Together, Pieper and Sertillanges slake our thirst with a draught at once both intoxicating and sobering. Rest well, work well—this is the formula for being human.
Rest Well
It is important that I begin with Pieper. Because we in the modern West are so used to thinking about work in a particular key, it will be difficult to hear what Sertillanges has to say on the topic without the radical reframing of rest—and therefore work—that Pieper offers.
Leisure: The Basis of Culture was first published in German in 1952, with an English translation following eleven years later. It contains a pair of essays, “Leisure the Basis of Culture” and “The Philosophical Act.” “Both [were] written in the same summer, in a single breath, so to say; they both spring from the same thought,” writes Pieper in his preface to the English edition. It is the former essay that I will focus on for the purpose of this review.
Pieper is writing in post-World War II Europe, where the project of rebuilding is underway. What does he have to say to the harrowed masses whose aim is to raise the Western world—materially and culturally—from the rubble?
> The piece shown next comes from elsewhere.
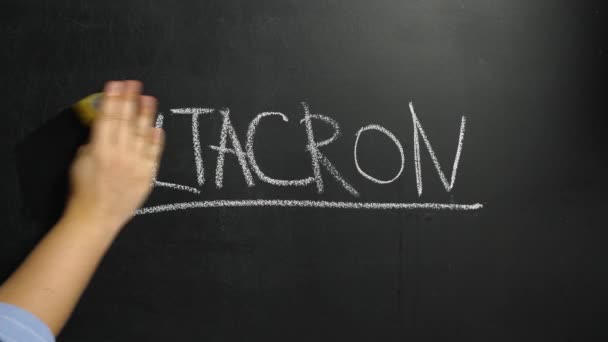 一个女人的手擦掉了写在黑板上的用粉笔写着的一个字 德尔塔克伦 这个字是用黄色的湿海绵写的 Deltacron是Coronovirus感染Covid 19的一个新变种 — 图库视频影像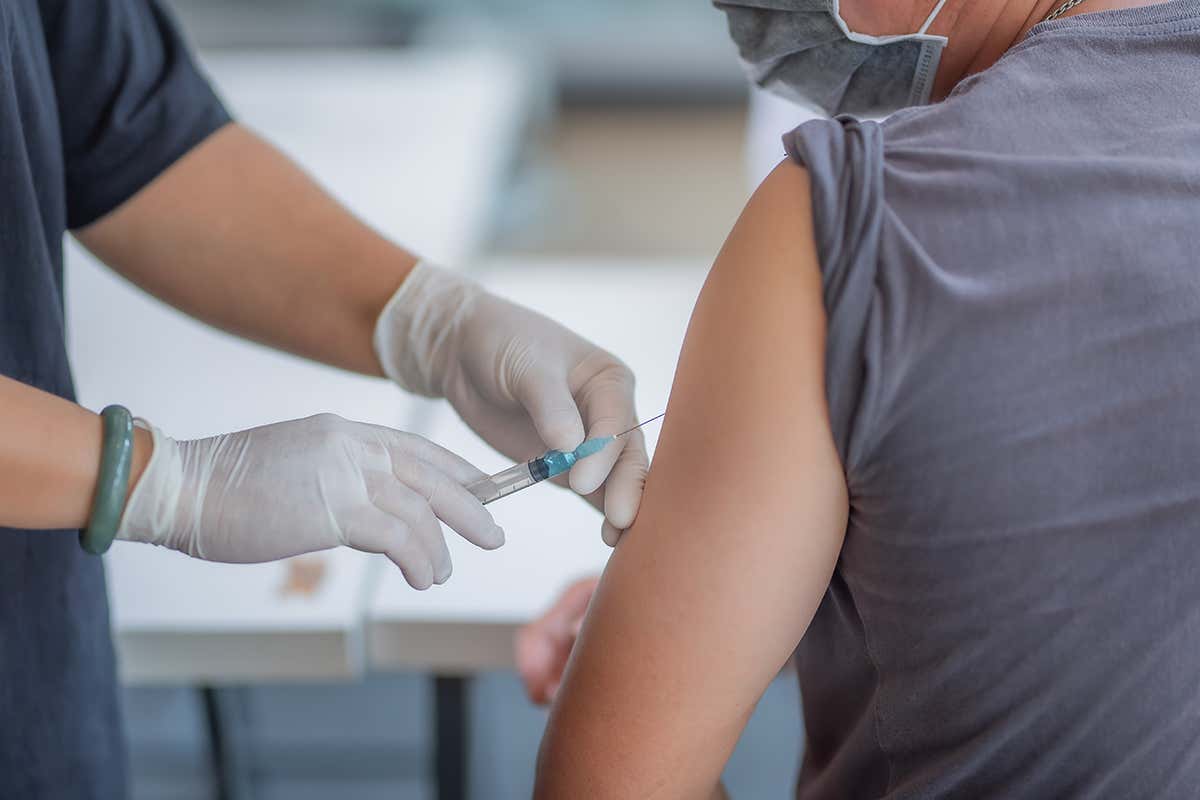 A doctor holds a syringe near a patients arm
He begins with Aristotle: “We are unleisurely in order to have leisure.” The Greek skole, from which we get our English school, meant “leisure.” The word for work? There are many, but among them is ascolia: nonleisure. Where we think of work as our center of gravity, the Greeks orbited leisure. You’re working? You’re being “unleisurely” for a time before returning to center: leisure. Aristotle’s quote is in direct opposition to Max Weber’s paradigmatic statement that “one does not work to live; one lives to work,” which makes far more sense to us moderns.
It seems an odd place to start, leisure. After all, Europeans were busy with important work and there was plenty of it to do. What audacity to suggest it should be slowed! But at that critical moment of cultural rebuild, Pieper wants to remake the ancient distinction between the “liberal arts” and what gets translated into English as the “servile arts”: the arts that free men and those that are bound to fulfilling common need; the arts that are useless, whose ends are in themselves, and those that are useful, whose ends are practical and beyond themselves.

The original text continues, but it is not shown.